In what way can government support the Nigerian fashion industry?
In Nigeria, the government can do a lot to support the fashion and textile industry. The government should offer incentives to the private sector to start manufacturing textiles in Nigeria. With a population of over 200 million people, we have a captive market. The patronage in Nigeria alone is enough for any business to survive. International textiles suppliers can be mandated to set up manufacturing units in the country. I remember when we wanted to sell our ready-to-wear line in New York, we were advised to produce and sell in America to cut the red tape of import. Export is key. US President Donald Trump is keen on making America a manufacturing hub, which has brought much wealth to China. More technical schools should be set up in Nigeria to train fashion designers, pattern cutters, textile designers, etc. Guild schools should also be developed and promoted. Nigerians are very fashionable and yet there is still a huge demand for tailors. Tariffs should be placed on textiles coming into the country and a complete ban on fake indigenous fabrics produced abroad such as Aso Oke, Akwete and Adire, to mention a few.
What would you tell someone who wants to go into fashion business?
The major advice for anyone who wants to become a successful fashion designer is to have a passion for fashion, to remember it’s a profession, not a hobby. So, study it, get some form of formal education, go to a fashion university or college.
If you do not have the opportunity, then train under an established fashion house. Get lots of work experience. It is very crucial. The knowledge and information you gather at the early stages will be very beneficial in the future
What are the challenges of the industry, especially with current economic crises?

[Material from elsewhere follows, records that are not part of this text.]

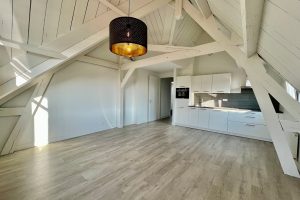 Woning aan de Veerstraat te Maassluis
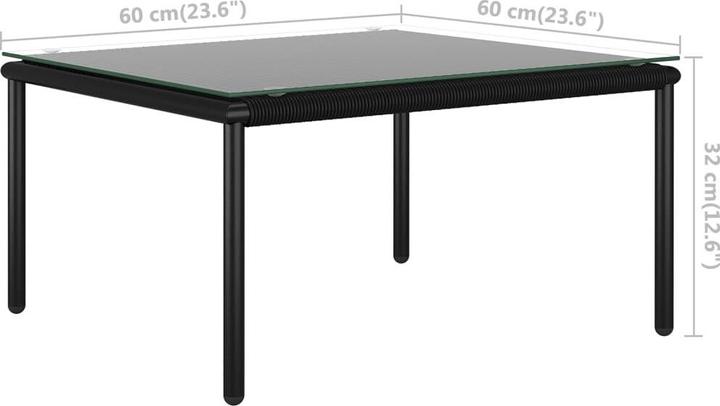 Produktbild vidaXL Ubald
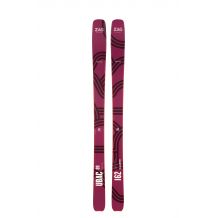 ZAG UBAC 89 LADY 2026 vaellussuksipaketti + Siteet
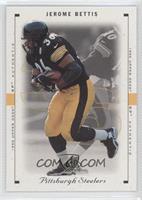 Jerome Bettis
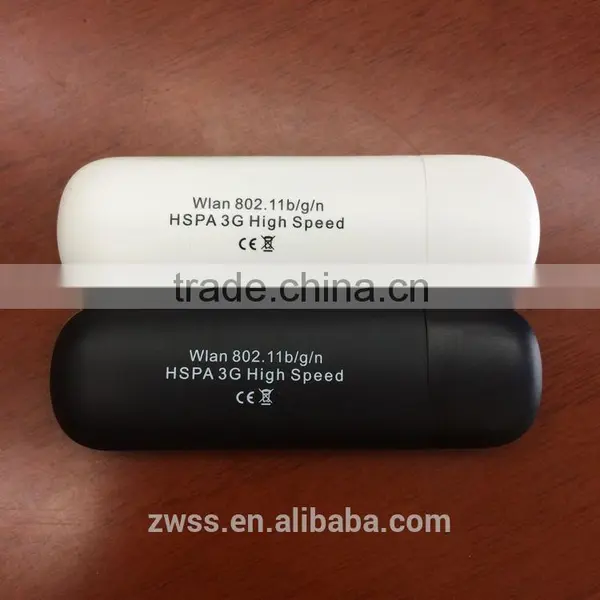 2014 Hotsale Dual Working Mode Modem Wifi photo-2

As in any industry or career path, you will always encounter hurdles. The fashion industry is no different. A fashion designer should know the audience they want to design for and know the buying pattern of their clients. It is also very important for the designer to offer something new and interesting. If a client has is going to part with their money in these austere times, it must be for a design they find irresistible. I remember once I was walking down Oxford Circus in London and was looking at the shop window displays in Selfridges. The designs were so exquisite. I said to myself, when there is a recession the designer has to go back to the drawing board and come up with designs that will captivate clients.